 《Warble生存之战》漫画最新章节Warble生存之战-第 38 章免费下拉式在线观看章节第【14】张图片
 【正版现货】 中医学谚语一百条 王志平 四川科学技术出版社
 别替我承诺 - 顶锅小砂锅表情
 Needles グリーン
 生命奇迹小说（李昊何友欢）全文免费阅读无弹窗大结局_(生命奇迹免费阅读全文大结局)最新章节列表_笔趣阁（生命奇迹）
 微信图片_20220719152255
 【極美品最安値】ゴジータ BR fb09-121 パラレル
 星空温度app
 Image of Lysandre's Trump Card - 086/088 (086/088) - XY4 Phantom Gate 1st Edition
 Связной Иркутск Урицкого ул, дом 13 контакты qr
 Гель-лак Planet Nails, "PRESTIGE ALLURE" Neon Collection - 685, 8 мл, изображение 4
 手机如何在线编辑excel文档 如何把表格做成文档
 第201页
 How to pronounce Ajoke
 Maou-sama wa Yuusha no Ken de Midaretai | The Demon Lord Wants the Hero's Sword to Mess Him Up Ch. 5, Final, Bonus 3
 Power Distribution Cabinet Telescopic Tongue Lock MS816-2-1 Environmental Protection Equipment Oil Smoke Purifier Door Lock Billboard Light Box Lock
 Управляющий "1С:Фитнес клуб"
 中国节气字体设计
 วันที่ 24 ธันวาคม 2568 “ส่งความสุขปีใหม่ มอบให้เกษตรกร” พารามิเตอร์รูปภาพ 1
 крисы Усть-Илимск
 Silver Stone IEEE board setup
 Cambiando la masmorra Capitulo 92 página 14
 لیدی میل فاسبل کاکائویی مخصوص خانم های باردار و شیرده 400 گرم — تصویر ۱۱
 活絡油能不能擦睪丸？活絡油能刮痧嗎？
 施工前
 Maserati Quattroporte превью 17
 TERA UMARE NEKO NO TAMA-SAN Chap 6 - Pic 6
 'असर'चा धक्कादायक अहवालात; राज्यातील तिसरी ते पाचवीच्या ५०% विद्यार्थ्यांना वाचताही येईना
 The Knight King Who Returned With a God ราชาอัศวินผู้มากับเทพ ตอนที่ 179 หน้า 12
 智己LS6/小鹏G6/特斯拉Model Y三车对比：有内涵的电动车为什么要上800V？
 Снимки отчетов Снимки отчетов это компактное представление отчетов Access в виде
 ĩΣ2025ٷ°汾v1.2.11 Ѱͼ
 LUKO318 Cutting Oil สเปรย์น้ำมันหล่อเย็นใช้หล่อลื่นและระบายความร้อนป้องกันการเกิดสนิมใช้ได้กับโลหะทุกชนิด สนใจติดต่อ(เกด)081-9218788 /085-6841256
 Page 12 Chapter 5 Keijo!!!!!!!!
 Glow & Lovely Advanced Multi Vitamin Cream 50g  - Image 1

▬▬▬▬▬▬

■ **Action item**:
Report all lines above with "Image".

■ **Completed task**:
 Image of Lysandre's Trump Card - 086/088 (086/088) - XY4 Phantom Gate 1st Edition
 Glow & Lovely Advanced Multi Vitamin Cream 50g  - Image 1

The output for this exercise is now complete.